What Medicare Advantage plan enrollees need to know about the end of VBID

Published by Medicare Made Clear®

The Centers for Medicare and Medicaid Services (CMS) announced the end of the Value-Based Insurance Design (VBID) after 2025. Many Medicare Advantage (Part C) plans use VBID to offer supplemental benefits, like a monthly credit to pay for Healthy Foods or home utility bills, or reduce the cost of prescription drugs to $0 for people who qualify for financial assistance through the Extra Help program. Fortunately, CMS allows Medicare Advantage plans to use other programs, like Special Supplemental Benefits for the Chronically Ill (SSBCI) to offer similar benefits in 2026.1

What is VBID?

VBID, or Value-Based Insurance Design, was created by CMS in 2017. The program was meant to lower costs and improve care. VBID allowed Medicare Advantage plans to offer non-medical benefits, like food and housing support. It should be noted that special needs plans, like Dual Eligible Special Needs plans (D-SNPs), are considered types of Medicare Advantage (Part C) plans.2

Through VBID, plans were able to better support chronically ill and underserved members. These benefits generally applied to plan members with low incomes or in underserved areas. VBID also enabled Medicare Advantage plans to offer $0 cost sharing for prescription drugs.

What is SSBCI?

SSBCI stands for Special Supplemental Benefits for the Chronically Ill. Introduced in 2019, SSBCI is another benefits program for Medicare Advantage plans, including D-SNPs. Like VBID, SSBCI allows Medicare Advantage plans to offer supplemental and non-medical benefits.3

These benefits are for members with complex chronic conditions who are at a high risk of hospitalization and need intensive care coordination. Complex chronic conditions include cancer, chronic heart failure, and diabetes.

Unlike VBID, SSBCI does not include benefits related to prescription drugs or Part D.

What are supplemental benefits in Medicare Advantage?

All Medicare Advantage (Part C) plans offer the same benefits as original Medicare (Parts A and B). Anything beyond this is called a supplemental benefit. In the past, supplemental benefits have been primarily health-related.These include dental, vision, and hearing benefits offered by many Medicare Advantage (Part C), including Dual Special Needs plans.

Medicare Advantage plans have also been able to offer expanded health-related benefits. These benefits include gym memberships and help with paying for over-the-counter (OTC) health and wellness products.

VBID expanded the definition of health-related benefits even further and allowed Medicare Advantage plans to offer non-medical benefits to help with social needs like paying for healthy food, transportation, and housing assistance benefits.

What will happen to my non-medical supplemental benefits?

With SSBCI remaining, Medicare Advantage plans can continue to offer some of the non-medical benefits previously offered through VBID. Eligibility, however, will be based on proof of a qualifying chronic illness.

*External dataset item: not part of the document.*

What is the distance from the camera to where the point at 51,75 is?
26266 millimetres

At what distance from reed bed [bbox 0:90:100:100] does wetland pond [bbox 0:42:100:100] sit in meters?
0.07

Unfortunately, SSBCI will not allow Medicare Advantage plans to offer $0 cost sharing for prescription drugs in 2026. For those with low income, you may continue to benefit from reduced costs through the federal Extra Help program (low-income subsidy) and the Inflation Reduction Act (IRA), which also caps prescription drug spending at $2,100 in 2026.

How do I know if my Medicare Advantage plan benefits will change?

If you have a Medicare Advantage plan, including a D-SNP or other special needs plan, know that some benefits may change, and some may not be available in 2026. You may need to prove eligibility to access non-medical benefits.

Before the Annual Enrollment Period (AEP) begins on October 15, your plan will send an Annual Notice of Change letter. This letter will include information about your current benefits and what’s changing in 2026.

What should I do to prepare for any plan changes?

As the 2026 Annual Enrollment Period nears, review your plan’s benefits and think through your health priorities and financial needs. If you decide your plan no longer meets your needs, you can shop for plans or contact a local agent to learn about plans and coverage.